To the delight of California farmers, the state Supreme Court has upheld a Gold Rush-era law that allows them to pump as much water from the aquifers beneath their property as they can productively use. The initial interpretation of Monday's long-awaited decision involving the Mojave River Basin was that it now would be more difficult for growing cities to force farmers to share their well water supplies in times of shortage.

But on reflection, legal experts say that may not be the case at all. The court took pains to note that the landowner's right to pump is not absolute. The water must be put to "beneficial" use and not wasted. And perhaps the most significant comment comes in a footnote on Page 25 of the decision. In it, the justices said courts may have to override basic water rights and require cutbacks in pumping if Californians are "to harmonize water shortages with a fair allocation of future use."

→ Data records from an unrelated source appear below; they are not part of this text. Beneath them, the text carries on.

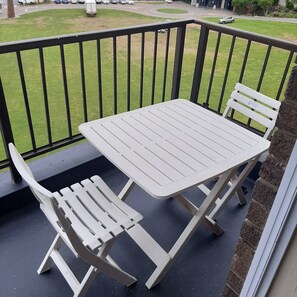 A balcony with a white table and two white chairs, a black railing, and a view of a grassy area with cars and buildings.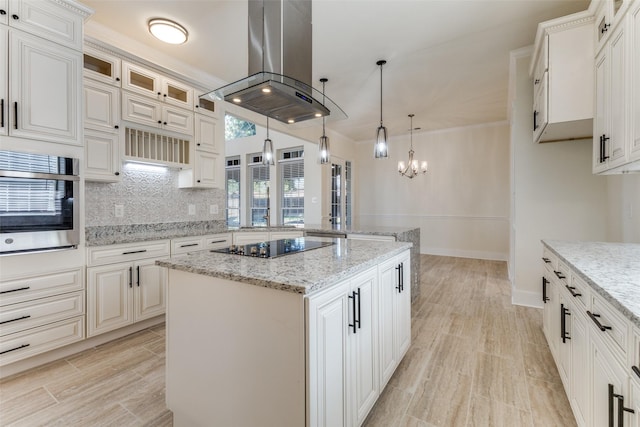 kitchen with black electric cooktop, island range hood, a peninsula, decorative backsplash, and a center island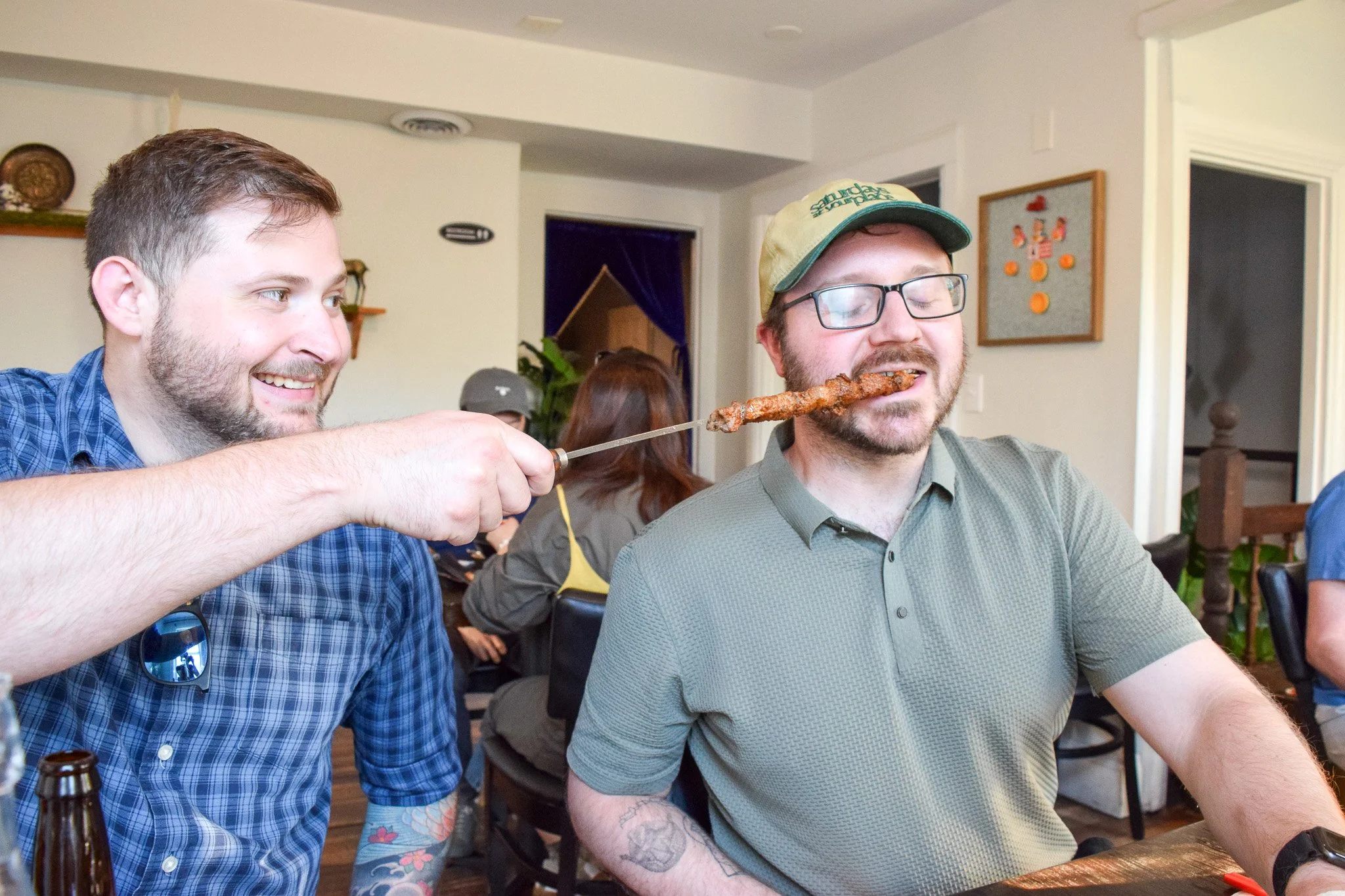 Two men at a social gathering. One man has short brown hair, beard, and is wearing a blue plaid shirt and sunglasses. The other man has glasses, a beard, a cap, and is wearing a gray-green shirt. The man in plaid is handing a skewer with meat to the man in glasses, who is about to eat it. The background shows a few other people, some furniture, and wall decorations in a home setting.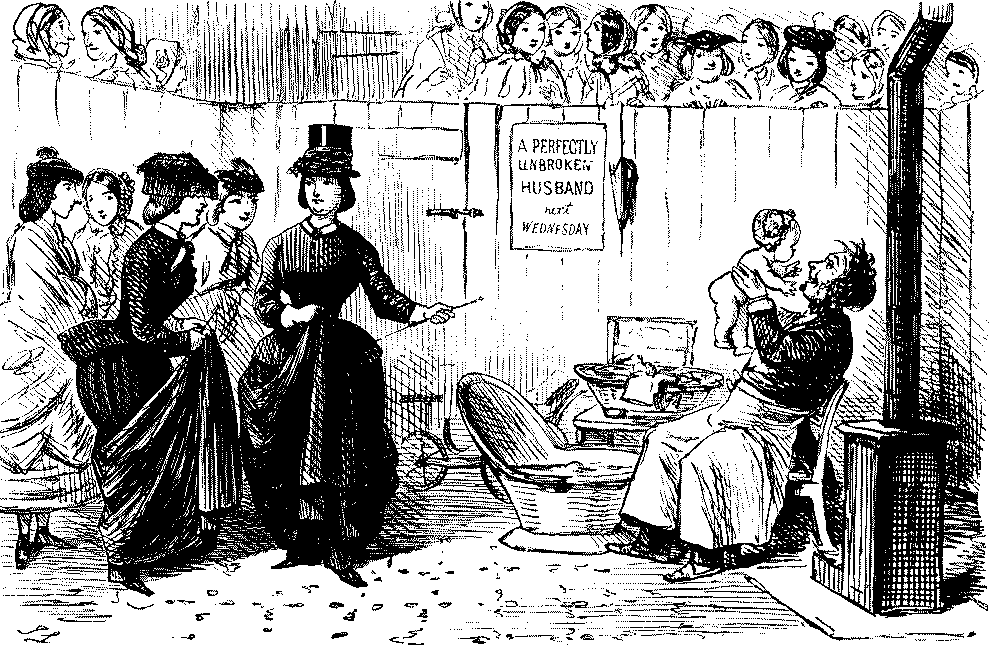 Group of ladies looking at man caring for a baby.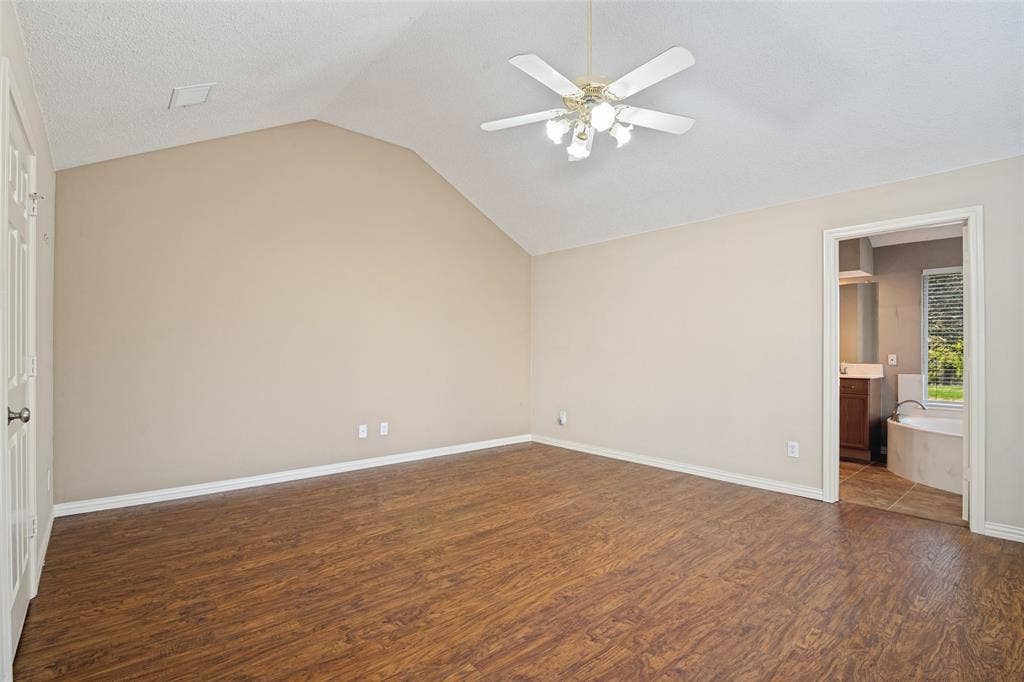 1909 Blackfoot Trail, Mesquite, TX 75149 Vaulted ceiling featuring a central multi-blade ceiling fan with integrated light fixture and wood-finish flooring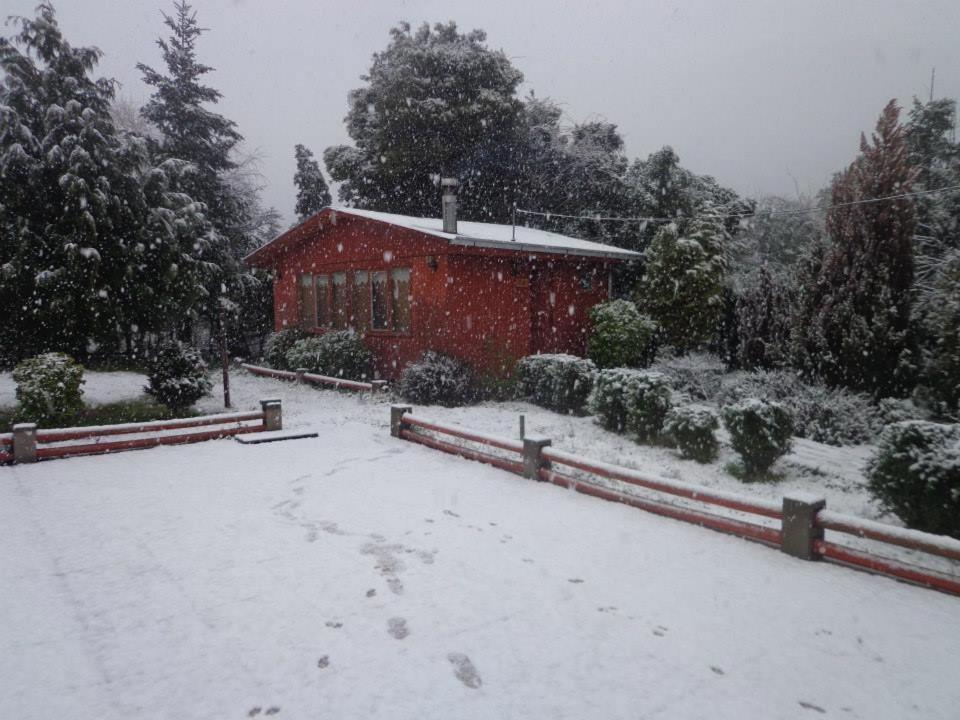 um celeiro num quintal coberto de neve com uma casa em Puelche de Antuco em Antuco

The court did not say so expressly, but the Mojave lawsuit would not have been necessary if California had a statewide ground water management program to reduce constant over-pumping of major underground basins. Other states, including Arizona, have such laws, but agricultural interests have effectively resisted any such plan in California. The last major effort, a 1982 ballot initiative, was defeated, largely because of farmer opposition.

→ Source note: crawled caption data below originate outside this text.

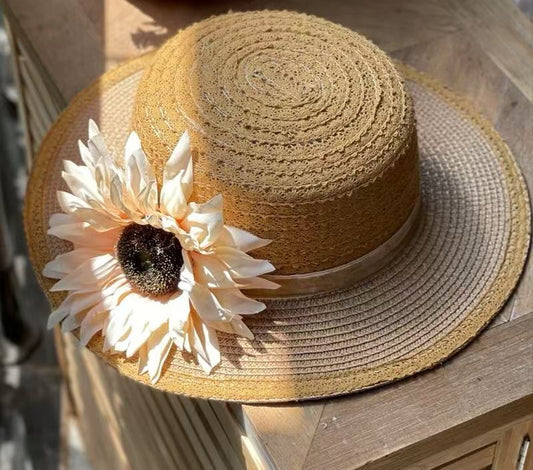Shop our classic tan sun hat, crafted from a breathable cotton and papyrus blend. Features a beautiful creamy-peach sunflower and elegant lace-like weave.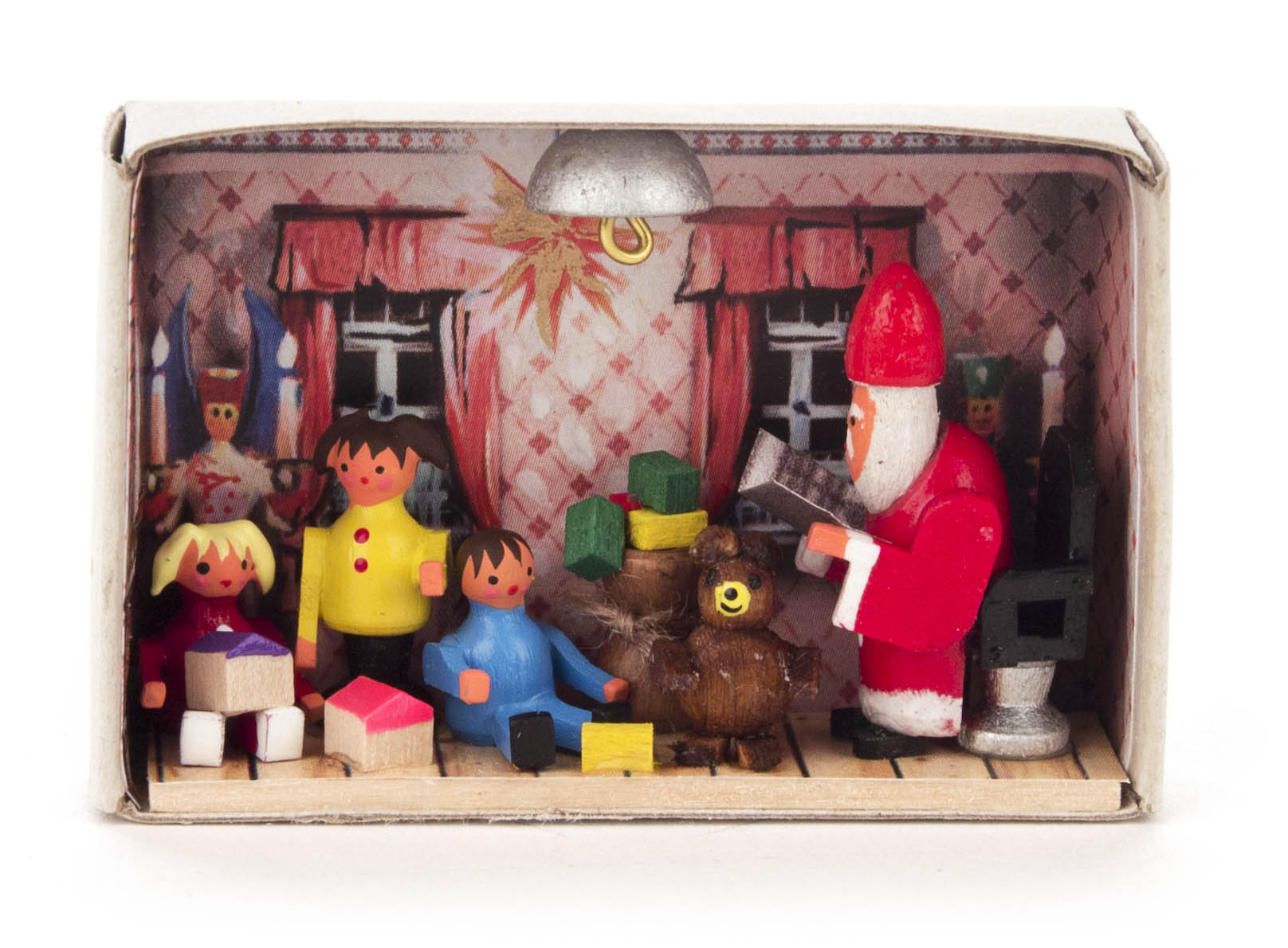 Miniaturszene in einer Zündholzschachtel: Ein Weihnachtsmann liest einer Gruppe von Kindern und einem Bären unter einer Lampe in einem Zimmer mit rosa Vorhängen vor.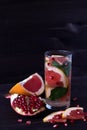 glass of red cocktail with slices of ripe grapefruit and pomegranate on black background. detox water. diet healthy eating and wei Royalty Free Stock Photo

The prospects for water conflicts throughout the state increase with population growth and the continued overdrafting of aquifers--pumping more from the basin than is naturally replenished by rainfall or runoff. Aquifers are a critical water source because nearly a third of all water used in the state comes from the ground. In the San Joaquin Valley, the annual overdraft has been more than 1 million acre-feet a year, enough to provide the domestic needs of 2 million families.

Depletion of an aquifer can dry up existing wells, cause the overlying land to subside and result in poorer-quality water. In coastal areas, depleted aquifers can fill up with seawater.

Ground water management plans can be developed either through court action or by voluntary collaboration of water users. Several major basins in Southern California are managed under court decree, including the central and west basins and in the San Fernando Valley. But the adjudication of basins can be a lengthy, contentious process.

And in the Mojave Basin, the subject of last week's ruling, the court said the water needs of nearby cities could not override the right of six farmers to pump, even though they all rely on the same basic source for their supplies. A rationing plan covering most of the 3,600-square-mile basin can proceed with the voluntary participation of about 200 other farmers and the cities of Barstow, Victorville, Hesperia and Apple Valley. Still, it's not as effective as it would be if everyone joined in.

The state and federal water leaders of the giant Cal-Fed plan say its success depends on "long-term effective ground water management throughout California." No one has paid much attention to that declaration, but it is another major impetus for action in Sacramento to bring rational management to the state's ground water basins.